I was hoping, in particular, to find a trigraph that generated a / or a *; this would make it trivial to generate a sequence that C interpreted as */, but which Go ignored. Unfortunately, lacking for one, I can’t quite see a way to make any of these useful to us. The ??/ trigraph will let us “hide” a / character from the C compiler, but using that to start a comment will require that Go see the ?? sequence, and we can’t use it to end a comment, since we can’t directly precede the / by both ?? and *.

The humble backslash  🔗︎

Glancing back at the C spec on comments, though, we find an interesting example in the non-normative examples section:

It appears — I may have once known this, but had forgotten it — that you can extend a // comment onto a second line, in C, by ending the line with a backslash character. Digging more, we find an explanation in §5.1.1.2p2:

You might be familiar with the use of a \ to spread C macro definitions across multiple lines; it turns out this is a more-general feature of the C source processing, which lets us splice multiple physical lines anywhere in a program, including inside comments. Go, on the other hand, lacks for this feature, giving us the critical primitive we need:

// this is a comment in both languages \
This line is a comment only in C

In general, one such primitive often suffices to build a polyglot. We extend it for convenience like so:

//\
/*
This code is recognized by the C compiler, but ignored by Go.

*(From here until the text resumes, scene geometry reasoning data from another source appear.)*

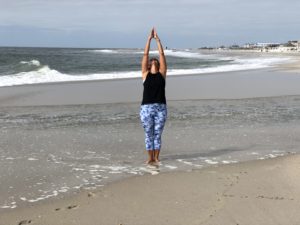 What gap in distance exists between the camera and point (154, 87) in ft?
23.9

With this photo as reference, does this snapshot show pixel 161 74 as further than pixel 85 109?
No

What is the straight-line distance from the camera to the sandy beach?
4.90m

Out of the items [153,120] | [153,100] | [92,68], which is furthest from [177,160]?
[92,68]

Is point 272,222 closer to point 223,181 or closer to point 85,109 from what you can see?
point 223,181

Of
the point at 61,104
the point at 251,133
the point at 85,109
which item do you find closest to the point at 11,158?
the point at 251,133

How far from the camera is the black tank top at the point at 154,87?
7.28 meters

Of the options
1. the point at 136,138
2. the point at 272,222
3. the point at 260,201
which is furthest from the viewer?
the point at 136,138

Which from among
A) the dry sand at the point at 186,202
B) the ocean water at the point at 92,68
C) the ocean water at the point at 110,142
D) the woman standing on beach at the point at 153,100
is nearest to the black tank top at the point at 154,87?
the woman standing on beach at the point at 153,100

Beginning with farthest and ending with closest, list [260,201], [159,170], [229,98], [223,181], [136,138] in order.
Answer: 1. [229,98]
2. [136,138]
3. [159,170]
4. [223,181]
5. [260,201]

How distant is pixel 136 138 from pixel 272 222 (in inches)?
197

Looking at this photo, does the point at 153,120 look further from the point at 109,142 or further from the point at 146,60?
the point at 109,142

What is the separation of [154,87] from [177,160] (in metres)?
1.18

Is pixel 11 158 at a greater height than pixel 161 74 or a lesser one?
lesser

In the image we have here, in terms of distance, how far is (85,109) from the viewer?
1402 cm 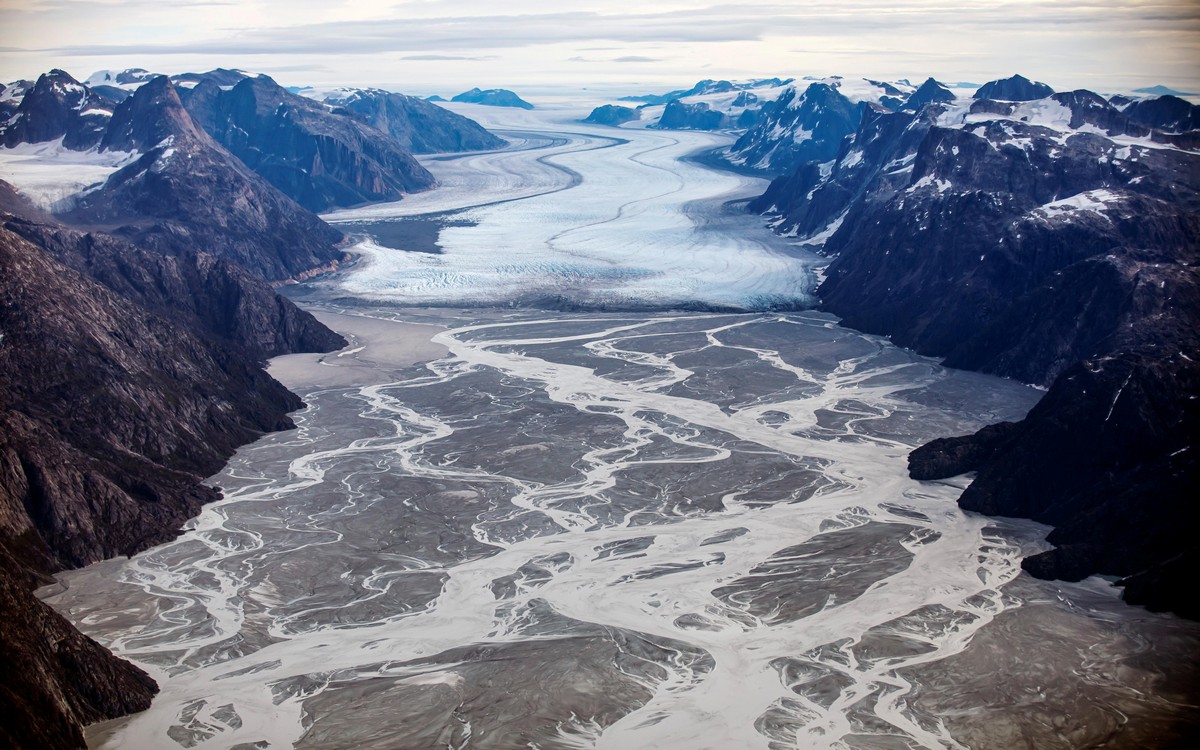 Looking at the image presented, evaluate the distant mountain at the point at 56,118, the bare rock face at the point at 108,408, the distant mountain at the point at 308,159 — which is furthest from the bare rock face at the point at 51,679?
the distant mountain at the point at 308,159

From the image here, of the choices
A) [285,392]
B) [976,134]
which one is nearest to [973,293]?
[976,134]

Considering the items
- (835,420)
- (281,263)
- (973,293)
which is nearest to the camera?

We can then write our C program in that space, where the Go compiler will happily ignore it. Furthermore, we can break out of that mixed mode at any time by the simple expedient of a // */ — the // hides it from C, and the */ ends the block comment for Go.

Before doing so, though, we want to tell C to ignore what comes next, so we can switch to writing Go; We do that with the simple expedient of a #if 0, causing C to start ignoring everything that comes next:

//\
/*
C code goes here
#if 0
//*/
Go code goes here

All that remains is to finish. If we leave off a #endif, the C preprocessor will complain, but a bare #endif isn’t legal in Go. One more iteration of our first trick, in which we codeswitch into “C-only” mode, suffices:

//\
/*
(C code goes here)
#if 0
//*/
(Go code goes here)
//\
/*
#endif
//*/

And we’re done, and can write any code we want in both Go and C, with each compiler only “seeing” their respective section.

Conclusion  🔗︎

The ultimate “trick” here is pretty straightforward; Once you point out the //\ bit of trivia, I expect most programmers could find the rest of the construction, or a similar one, fairly quickly. However, I hope by writing up my train of thought and logic that lead me to stumble on this trick, I can demystify how I got here, and maybe teach something useful about the kinds of reasoning or research that helps one arrive at oddities like this. In my experience, the techniques I used here of reasoning around constrained problems, referencing specs to learn “ground truth” about a system, and exploring interactively end up being useful in far more circumstances than just toy one-off hacks.